* [Study material]
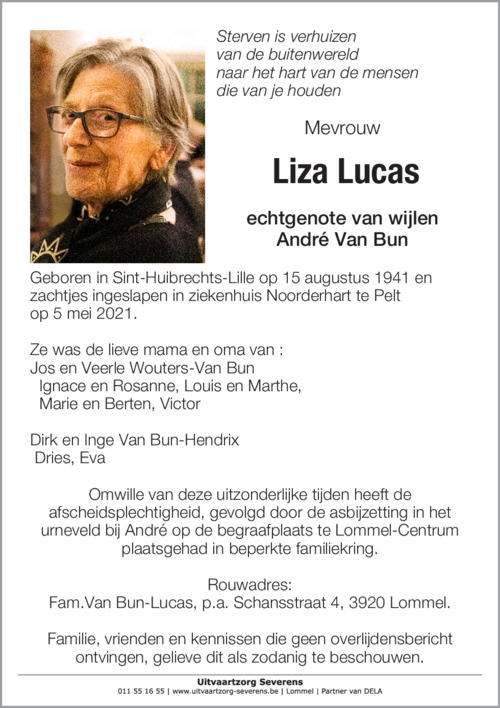 Liza Lucas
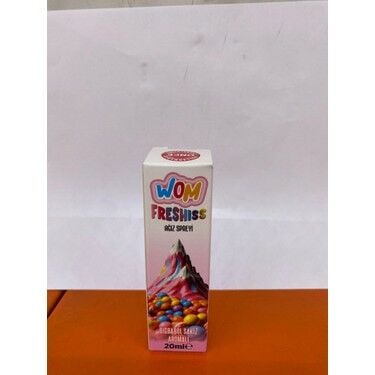 Wom Freshiss Ağız Spreyi Big Babol Sakız 20 ml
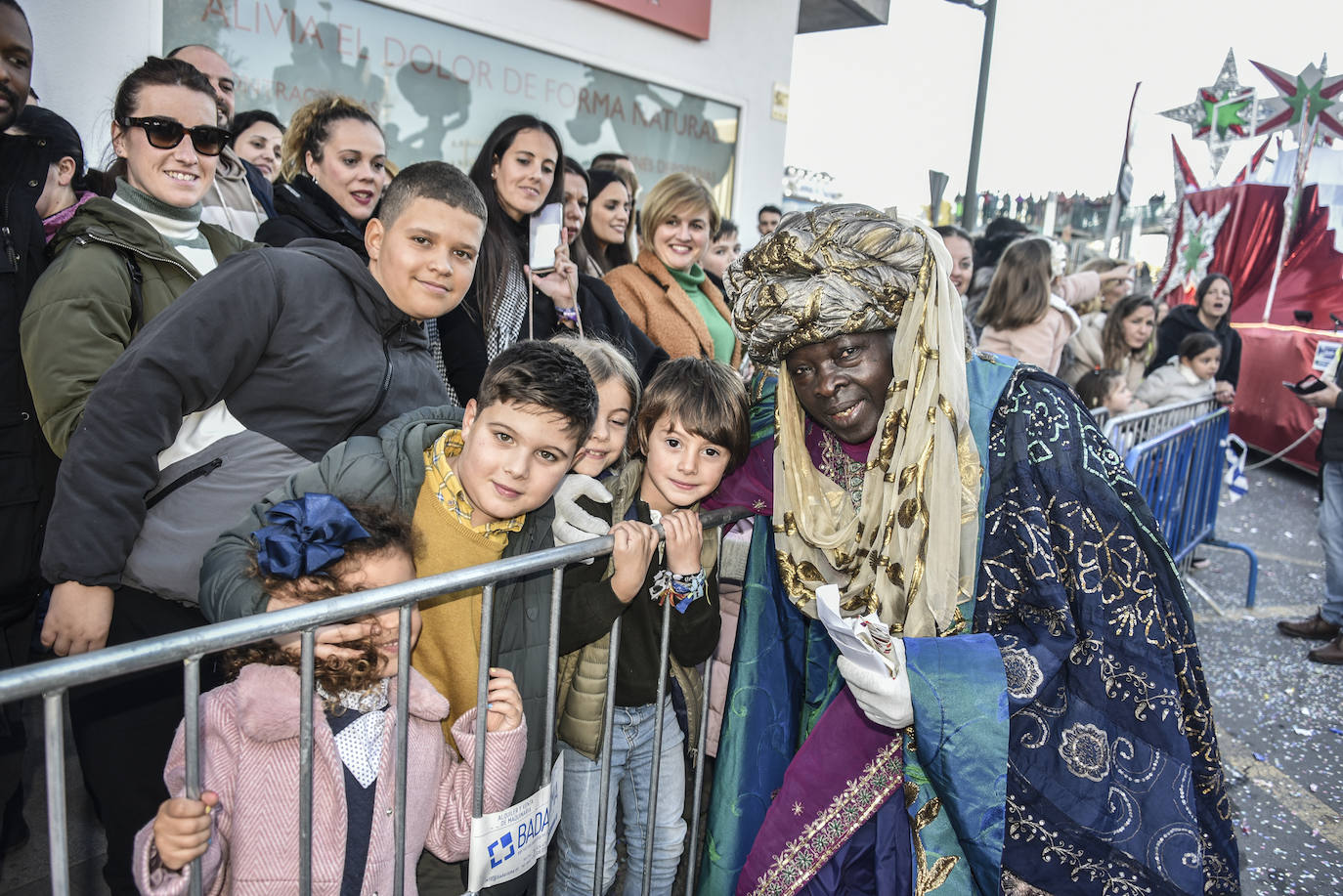 Fotos: Badajoz arropa a los Reyes Magos en una noche mágica
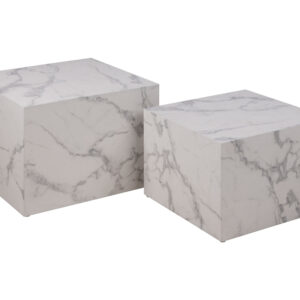 DAISY Soffbord 2-set Vit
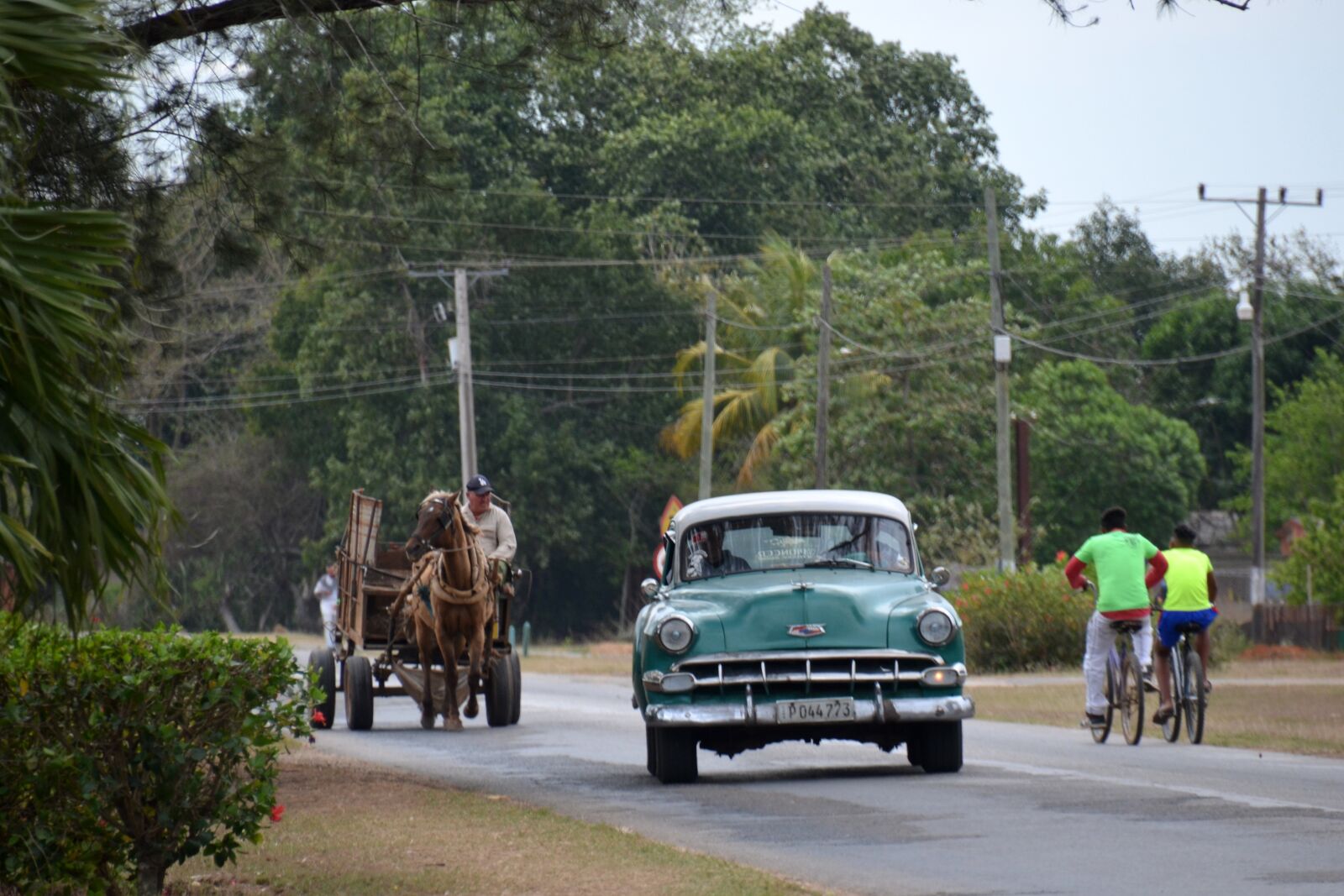 Nikon D5100 sample photo. Cuba, oldtimer, caribbean photography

* [Activity] Only the lines from the one containing "Wom Freshiss Ağız" through the last line of the records above should be repeated, exactly and without pictures.

* [Answer below]
 Wom Freshiss Ağız Spreyi Big Babol Sakız 20 ml
 Fotos: Badajoz arropa a los Reyes Magos en una noche mágica
 DAISY Soffbord 2-set Vit
 Nikon D5100 sample photo. Cuba, oldtimer, caribbean photography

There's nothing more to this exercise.